Fans are selective: The threshold for becoming a Facebook fan is theoretically lower than it is to sign up for a company’s email, due to the nature of the content stream. With email, every message from every brand you subscribe to hits your inbox and has to be managed. You need to read, sort, skip, delete, filter or otherwise triage that message, or else your inbox loses its vital utility. With social media however, the news feed in which messages appear is transient. If you miss a message it just moves on, with no backlog for you to work through in order to recognize the utility of the channel. So it comes as a surprise to me that the number of brands people become fans of is relatively low. According to the study, 78% of people who “like” brands on Facebook are fans of 10 or fewer of them. To the marketer, this means a relative lack of clutter in the news feed. The fewer other brands your fans follow, the more likely they are to see your posts pop up. As email marketers, we already know the challenges associated with clutter. Curiously, they may be somewhat mitigated in social media.

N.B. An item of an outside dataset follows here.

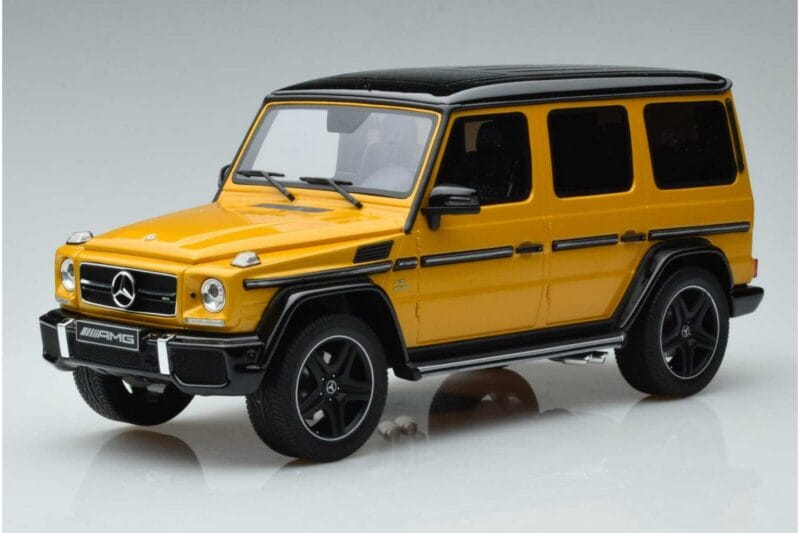 Mercedes G63 AMG W463 Crazy Color Solar Beam Edición Concesionario GT Spirit 1:18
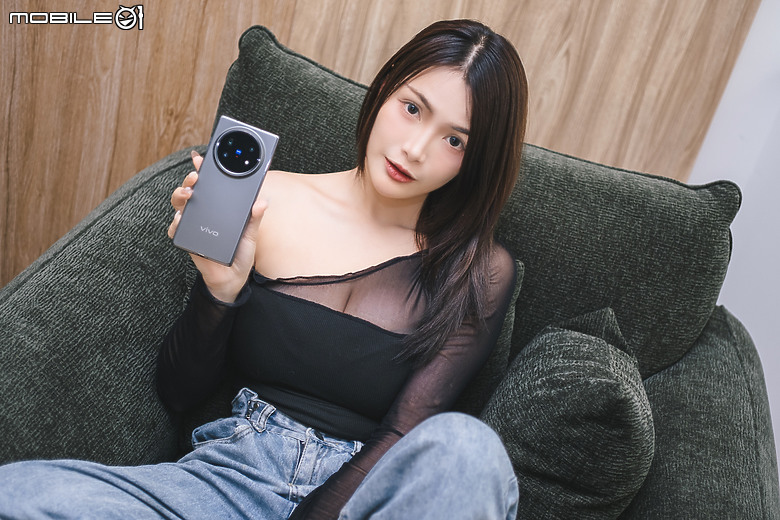 vivo X Fold5體驗|攝影、電量特化的輕巧大摺!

Fans are already customers: 58% of a brand’s Facebook fans are already customers, according to the study. The upshot here is due to the social nature of Facebook. People talk to each other and, as we see above, recommend the brands they follow. If these people are already your customers, they have a more informed perspective and are better able to tell your story, particularly through their own lens. Someone who says, “I bought from them and loved it,” has more influence than, “I like them a lot and intend to buy from them one day.”

Fans are loyal: Only one in four fans ever “unlike” the brands they follow. True, that is higher than your unsubscribe rate for any given message, though over the course of a year losing 1 in 4 email subscribers is very likely. Owing to the transient nature of the feed content, this data does not surprise me. It is much harder to annoy or cloy a fan through Facebook than it is overwhelm in the inbox (though of course it does happen). But the other reason I think loyalty abounds in social media is that the channel can drive some pretty deep engagement. Not only are people not annoyed by the brands they follow: successful social initiatives create even greater engagement and expectation. Many people keep an email subscription active “just in case” or because they don’t mind it so much. But increasingly brands are using Facebook to drive meaningful two-way interaction.

Fans buy more: The study also revealed that a Facebook fan is 50% more likely to buy (or buy again) from the brand after becoming a fan. It’s not clear what the causality is here – whether people become a fan in the course of their research and intent to buy, or if becoming a fan and interacting with the brand socially is what compelled the purchase. Regardless, the correlation is meaningful, so moving your prospects towards your social presence does drive results.